W4W: You’ve been talking a little bit about your frustrations with producers and Hollywood and stuff, and especially with, like, oh, this horror movie has to have a happy ending and all that kind of stuff. But you have had your work adapted to the screen. How did that come to be? And what is your experience with that?

PT: The short version is because I have a really excellent literary agent. When I had my first couple novels published, he went out and got me film representation. And the film reps basically send the books out there. Sometimes people will come to the agents looking for the books. So yeah, it’s different than looking for an agent with your book. I’m almost doing nothing on the film side. They do it themselves, which is great.

As far as the adaptation experience itself, it was very strange in a fun way and also in a stressful way. I like the movie, but I really don’t like the ending. But I like talking about the differences. There’s nothing in the movie that I was like, oh, I wish I did that in the book. But there were things, especially in the first half of the movie, that I really appreciated, things he was able to communicate solely through images about the characters, which I thought was really cool.

For me, the biggest frustration was them hiding the fact that they were adapting the novel for the lead-up until the movie came out. I still don’t understand why it had to be that way. It didn’t have to be that way. Without getting too far into that stuff, that was frustrating.

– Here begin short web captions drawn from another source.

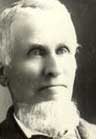 JQA Young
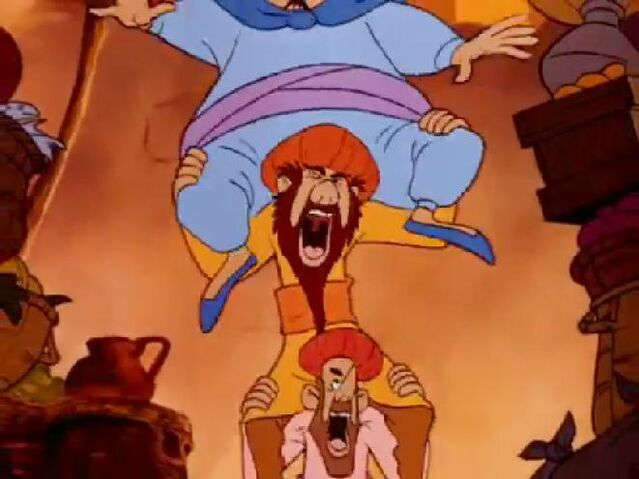 File:The Three Merchants136.jpg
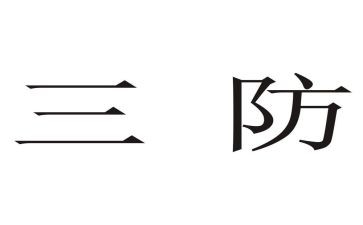 2024雨季三防工作总结7篇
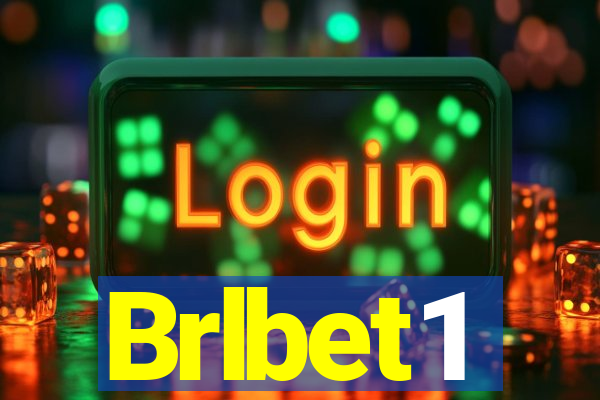 Brlbet1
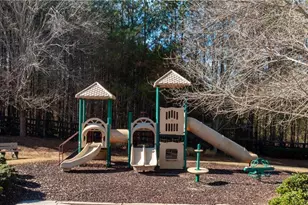 1625 Hamiota Ridge, Alpharetta, GA 30004 - Photo 83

And we don’t have—like, novelists, when I say “we”—we don’t have a union. We don’t have the Writers Guild. We don’t have those protections, which makes it hard, which makes what you all do—especially, I know you teach writing, but you also help with the business side of things—that much more important.

That’s why I try to be as honest as I can be when people ask me business questions. Because it shouldn’t be a secret. People need to know. Because we’re not going to learn otherwise. We don’t have the union looking out for us.

Other things have been optioned. A lot of things haven’t worked out. I heard Head Full of Ghosts is really close to filming, maybe in early ’26. The closest it’s been, so knock on wood. We’ll see. If those filmmakers get to make the movie they want to make, it’ll be really dark and messed up and not have a happy ending. So that’ll be cool.